Princess Hteik Su Phaya Gyi (Burmese: ထိပ်စုဘုရားကြီးpronounced[tʰeɪʔsṵpʰə.yádʑí]; 5 April 1923 – 31 December 2021), also known as Su Su Khin or Pwar May or Princess Tessie,[1] was a Burmese princess and the final surviving royal of the Konbaung dynasty. Daughter of Princess Myat Phaya Galay (a daughter of the last king of Burma),[2][3][4] she was a senior member of the Royal House of Konbaung.[5]
Upon the death of her younger brother Taw Phaya in 2019, she became the last living grandchild of King Thibaw.[1]
Life
Hteik Su Phaya Gyi was born on 5 April 1923 in Rangoon, British Burma, to Ko Ko Naing and Princess Myat Phaya Galay, the fourth daughter of King Thibaw and Queen Supayalat.[6][7] She went to a Catholic school in Moulmein and was employed at the U.S. and Australian embassies in Rangoon. Fluent in English, she worked as a private English language tutor for many years.[8]
In a BBC interview, she asserted having received an engagement proposal from Ananda Mahidol of Thailand in 1936 when he was still a prince.
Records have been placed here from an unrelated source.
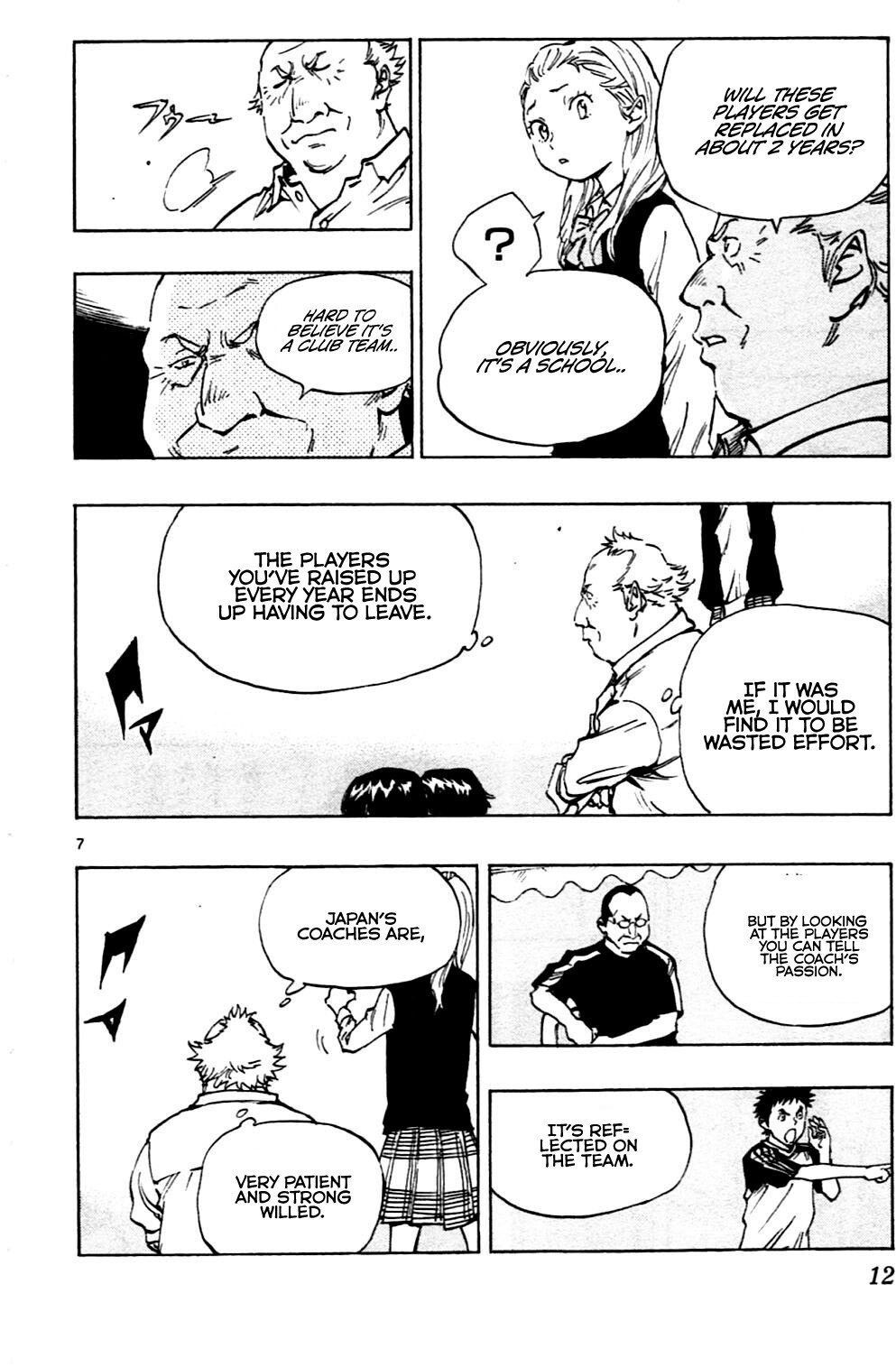 Read BE BLUES ~Ao ni Nare~ Manga Online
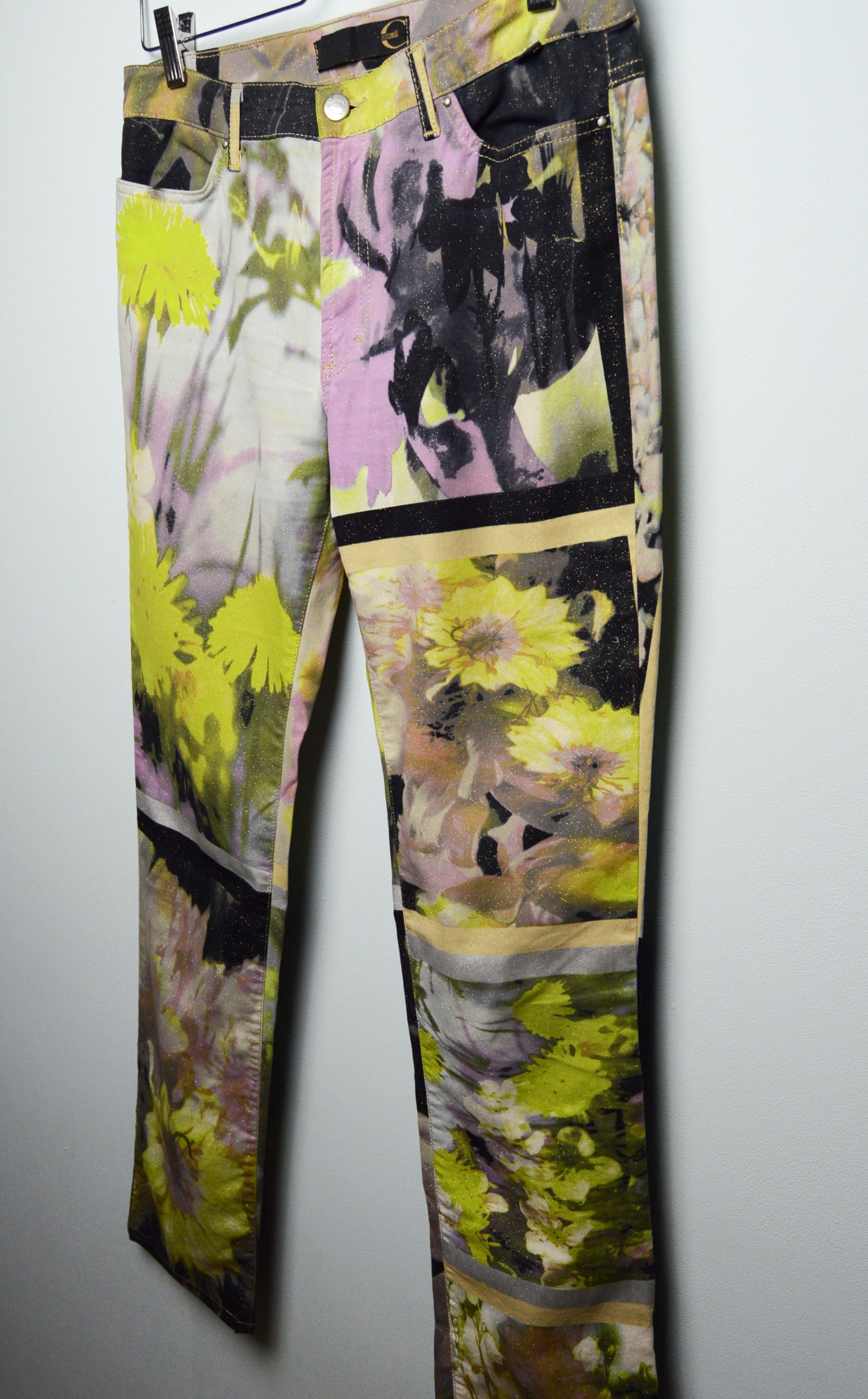 Just Cavalli cavalli full print jeans rare vintage pants Size US 32 / EU 48 - 8 Thumbnail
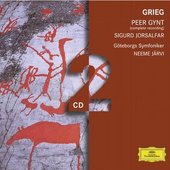 Grieg, Edvard - GRIEG Peer Gynt/Sigurd Jorsalfar Järvi 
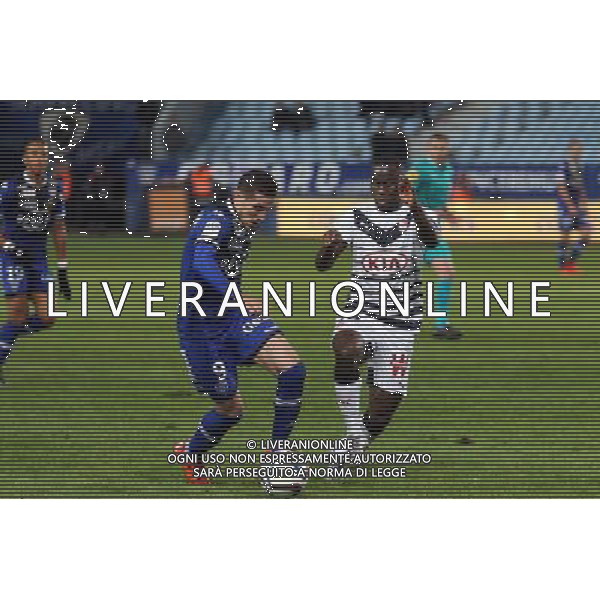 Florian RASPENTINO - 02.12.2015 - Bastia / Bordeaux - 16eme journee de Ligue 1 Photo: Michel Maestracci / Icon Sport/ AGENZIA ALDO LIVERANI SAS - ITALY ONLY EDITORIAL USE ONLY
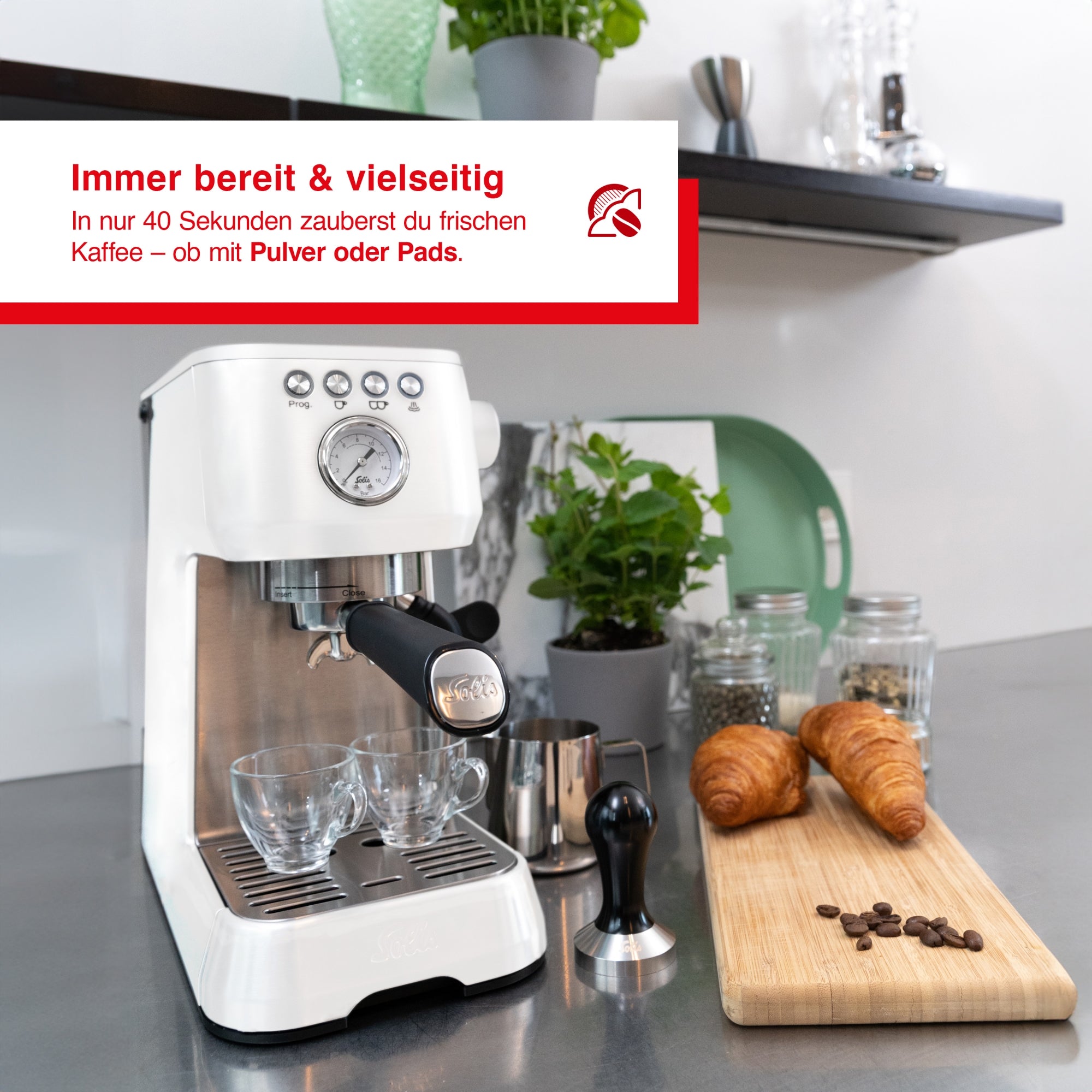 Solis_Barista Perfetta Plus v2 (Typ 1170)_Weiß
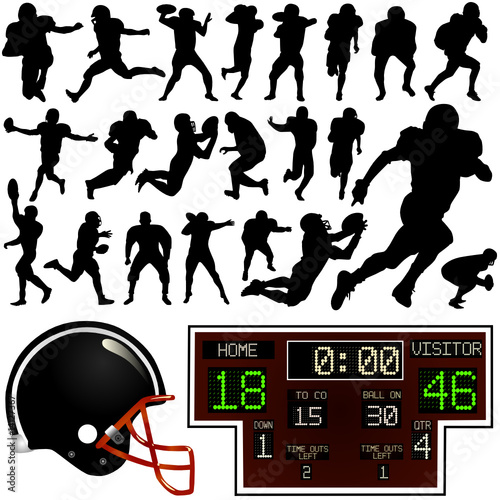 american football vector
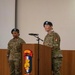 SETAF-AF's Headquarters Support Company conducts a change of responsibility ceremony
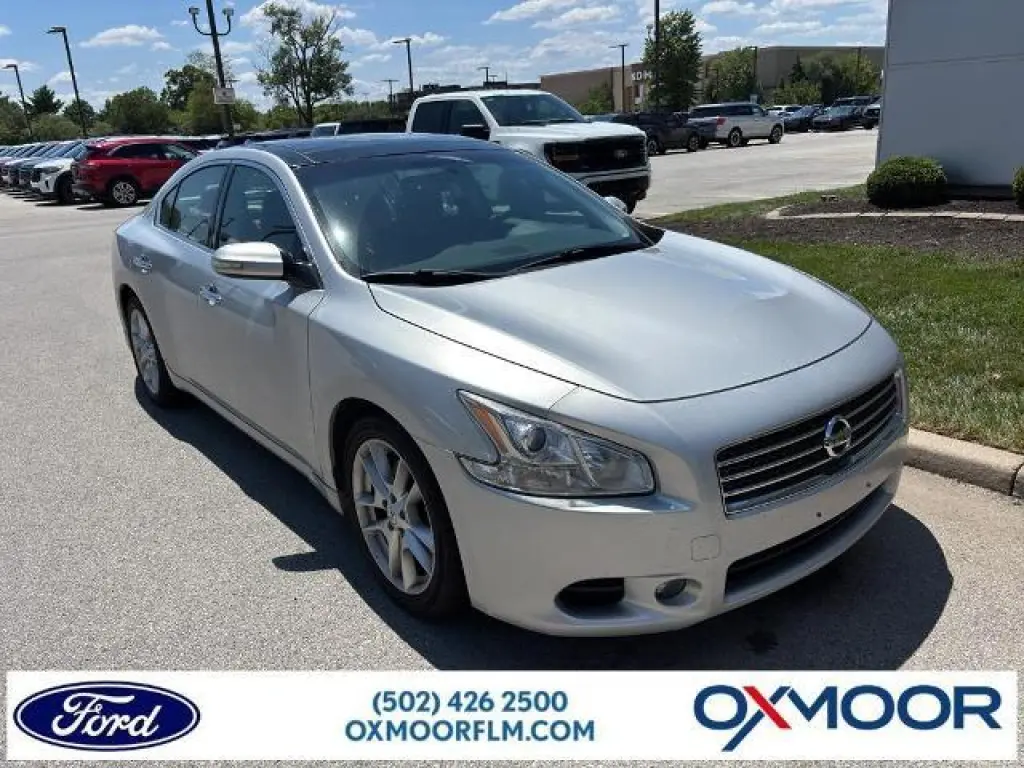 Nissan Maxima 2009 3.5 SV 4dr Sedan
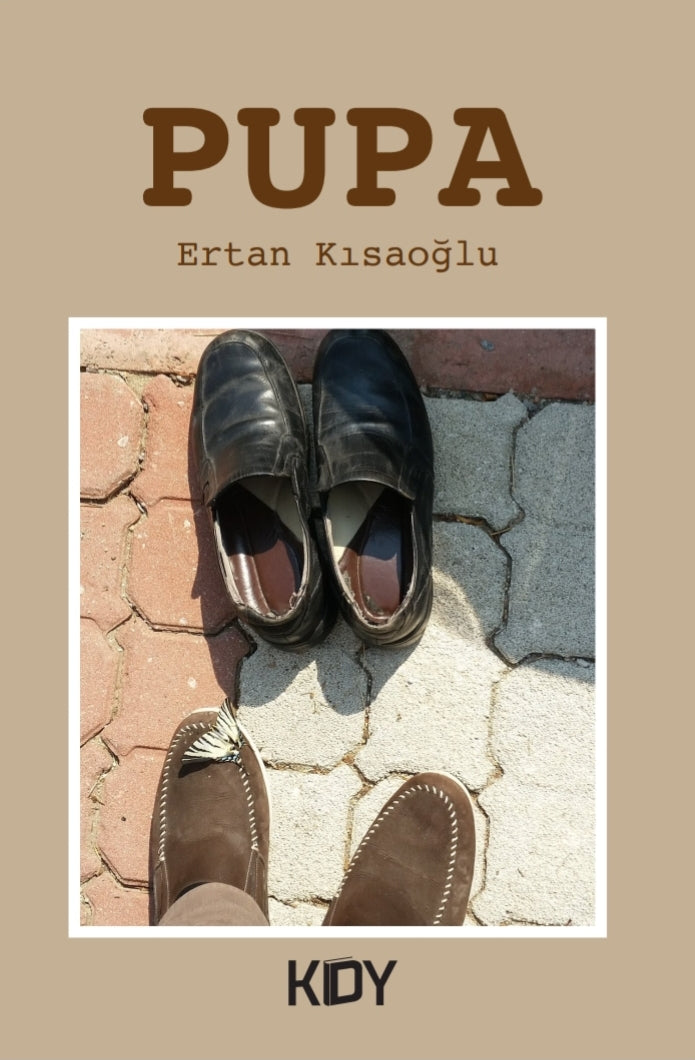 Pupa - Ertan Kısaoğlu kitap kapağı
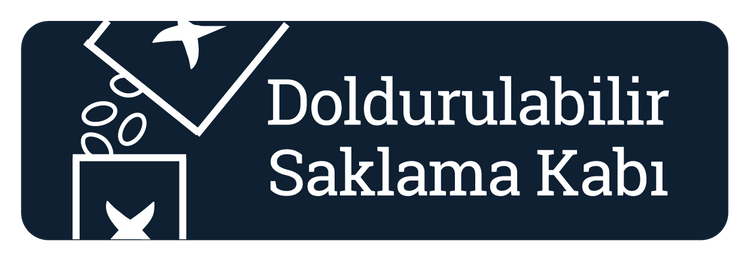 Doldurulabilir saklama kabı ikonu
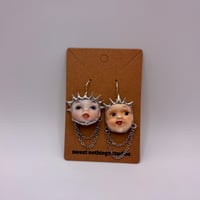 Spiked Trinket Baby Dangles (#1113)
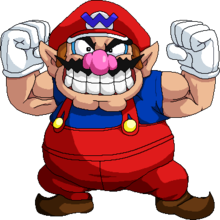 Fake Mario (Red)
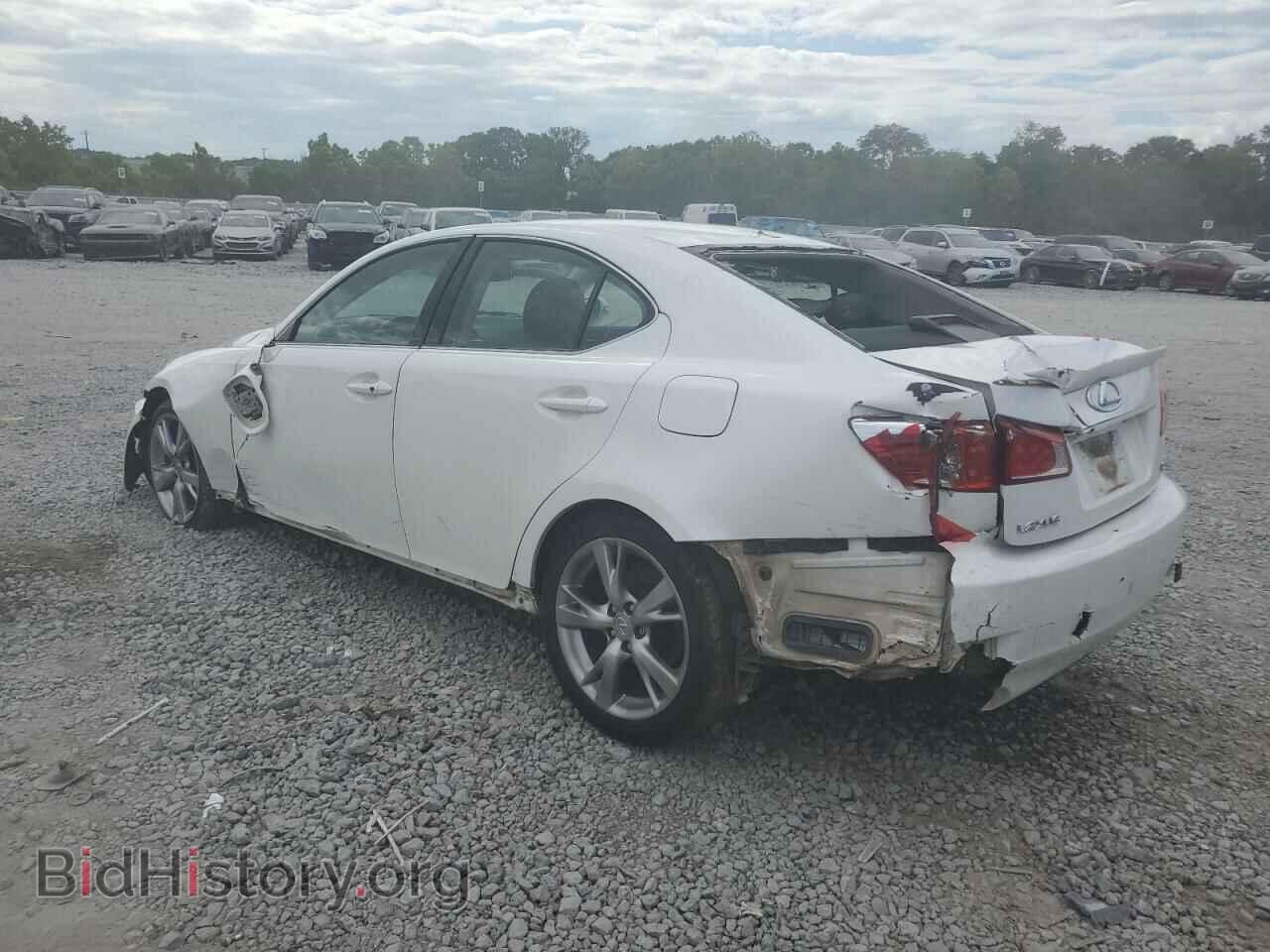 2010 LEXUS IS - VIN: JTHBF5C2XA5122238 - Фото 2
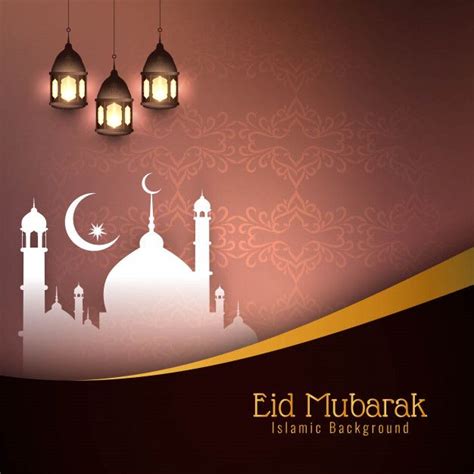 Tạo hiệu ứng Eid Mubarak background banner Thiết kế banner ấn tượng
The subsequent arrangements were reportedly overseen by her mother, sparking widespread expectations among many people at the time that she would become the future queen consort of Thailand. However, with the onset of World War II, the engagement discussions were halted and remained unresolved.[9][10]
In 1943, she married Maung Maung Khin, a descendant of the Mon royal family. He was a nephew of Premier Ba Maw and a brother of Khin Kyi, the wife of her younger brother Taw Phaya Gyi.[1] Maung Maung Khin died at Rangoon in 1984.[9] She sought to bring King Thibaw's body back to Myanmar as part of her family's mission.[11]
She died on 31 December 2021 at a Buddhist monastery in Yangon, at the age of 98.[12][13] Her funeral was held at Yayway Cemetery in Yangon on 2 January 2022. She was survived by twenty grandchildren and seventeen great-grandchildren.[14]
Documentary film
In 2017, Hteik Su Phaya Gyi and her younger brother Taw Phaya, her nephew Soe Win, and her niece Devi Thant Sin appeared as the main characters of We Were Kings, a documentary film by Alex Bescoby and Max Jones. The film premiered in Mandalay on 4 November 2017 at the Irrawaddy Literary Festival and also screened in Thailand at the Foreign Correspondents' Club of Thailand.[15] The film is about Myanmar's history, but also about the descendants of the last kings of Burma who lived unassuming lives in modern Myanmar, unrecognized and unknown.[16][17]
Family
She had three sons and two daughters: Win Khin (b. 1945), Kyaw Khin (b. 1948), Aung Khin (1953 – October 2008), Cho Cho Khin (b. 1943), and Devi Khin (b. 1951).[18]